La imagen del conocimiento reflejaba que el compromiso y la visión de la educación eran una réplica de las tareas que ese compromiso fijó en la agenda moderna. El conocimiento tenía valor puesto que se esperaba que durara, así como la educación tenía valor en la medida en que ofreciera conocimiento de valor duradero.
Por: Zygmunt Bauman
Así llegamos al primero de los múltiples retos que la educación contemporánea debe afrontar y soportar. En nuestra «modernidad líquida», las posesiones duraderas, los productos que supuestamente uno compraba una vez y ya no reemplazaba nunca más —y que obviamente no se concebían para ser consumidos una única vez—, han perdido su antiguo encanto. Considerados alguna vez como activos ventajosos, hoy tienden a verse como pasivos. Los que alguna vez fueron objetos de deseo se transformaron en objetos de resquemor. ¿Por qué? Porque el «mundo vital» de la juventud contemporánea, compuesto desmañadamente con porciones de sus experiencias vitales, ya no se parece a los pasadizos ordenados, sólidos y «aprendibles» de los laberintos «de ratones de laboratorio» que hace medio siglo se utilizaban para explorar los misterios de la buena adaptación a través del aprendizaje. John Kotter , profesor de la Harvard Business School, aconseja a sus lectores que eviten quedar atrapados en empleos de larga duración del tipo «puesto permanente» y, en realidad, desaconseja desarrollar una lealtad institucional o dejarse absorber demasiado en cualquier empleo durante un tiempo prolongado. No debe sorprendernos, pues, que el panadero Rico se lamentara ante Sennett de lo dificultoso que le resultaba explicar qué podía significar un compromiso .
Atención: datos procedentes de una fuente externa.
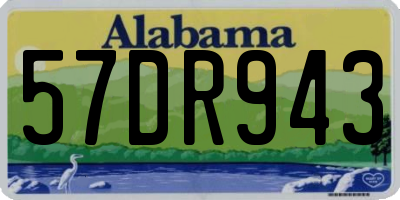 AL license plate 57DR943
La historia de la educación está plagada de períodos críticos en los cuales se hizo evidente que las premisas y estrategias probadas y aparentemente confiables habían perdido contacto con la realidad y exigían ajustes o una reforma. Con todo, aparentemente la crisis actual es diferente de las del pasado. Los retos actuales están golpeando duramente la esencia misma de la idea de educación tal como se la concibió en el umbral de la larga historia de la civilización: hoy está en tela de juicio lo invariable de la idea, las características constitutivas de la educación que hasta ahora habían soportado todos los retos del pasado y habían emergido ilesas de todas las crisis. Me refiero a los supuestos nunca antes cuestionados y mucho menos sospechosos de haber perdido vigencia, con lo cual, necesariamente, deberían reexaminarse y reemplazarse.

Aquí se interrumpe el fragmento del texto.